Si Armando yang tidak paham UUD 1945, Pancasila dan Cita-cita Proklamasi itu menjadi jumawa dan kehilangan kendali. Tiba-tiba saja dia membaur dengan Gerakan Mahasiswa, mengira dirinya adalah aktivis dan dosen yang membawa pikiran-pikiran kerakyatan. Dia salah kira… dan entah datangnya adzab dari mana, tiba-tiba saja orang mulai mengeroyoknya. Di antara Aksi Mahasiswa dan Aktivis yang sedang berunjukrasa melawan Rezim dia dipukuli orang. Bahkan digebugi, ditendangi, dan ditelanjangi. Lalu Dekan FISIP-UI tiba-tiba mulai angkat bicara, bahwa para pengeroyok Ade Armando, si Pengajar UI, perlu diproses hukum.
Saya malu… Bung, saya juga dari UI… saya juga pejuang demi Rakyat, Bangsa dan Negara. Saya malu UI memelihara makhluk seperti Ade Armando. Saya malu UI menjadi pendukung Rezim Jahat seperti ini.
Seandainya seorang Dosen macam Ade ini tidak dilindungi, tidak dipelihara tanpa ada peringatan dan ancaman dari Pimpinan UI, maka kejadian memalukan itu tidak akan terjadi.
Dosen macam ini melanggar komitmen universitas di mana saja di Dunia, terhadap hari depan manusia dan kemanusiaan, serta planet kita ini. Dia seharusnya ditolak menjadi dosen. Memang kekacauan tidak hanya di UI… Pengajar dan Ahli Hukum dan Pancasila macam Prof. Dr. Pierre Suteki justru dihukum non-aktif oleh Universitas Diponegoro, karena Suteki berbeda pikiran dengan Rezim Jokowi.
Sungguh memalukan… Tidak hanya UI yang tunduk kepada Rezim… Juga ITB yang Rektornya tidak bisa membedakan Radikalisme yang merawat dan memelihara Bumi dengan Radikalisme yang merusak Bumi.

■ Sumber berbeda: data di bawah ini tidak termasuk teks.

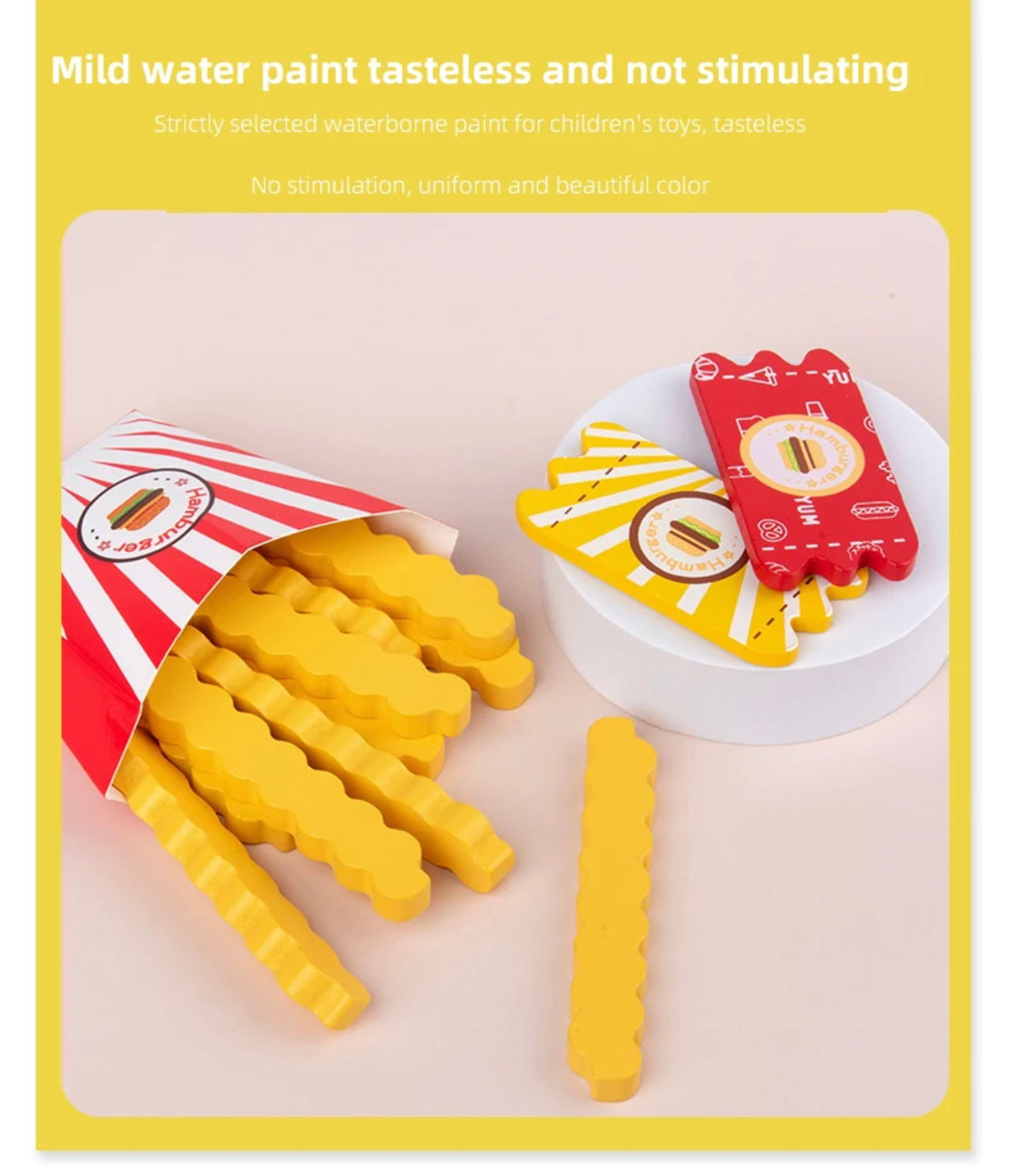 hamburger-menu-fa-jatek-szett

Juga Pimpinan UGM yang tidak berani mengatakan Jokowi adalah lulusan atau bukan lulusan UGM… Sementara Rektor-rektor IPB, Unpad, ITS, Unair, Unibraw dan lain-lain juga diam seribu-bahasa melihat Negaranya porak-poranda.
Jokowi memang tidak sebesar Soeharto… Tetapi dia sungguh menjadi besar kepala.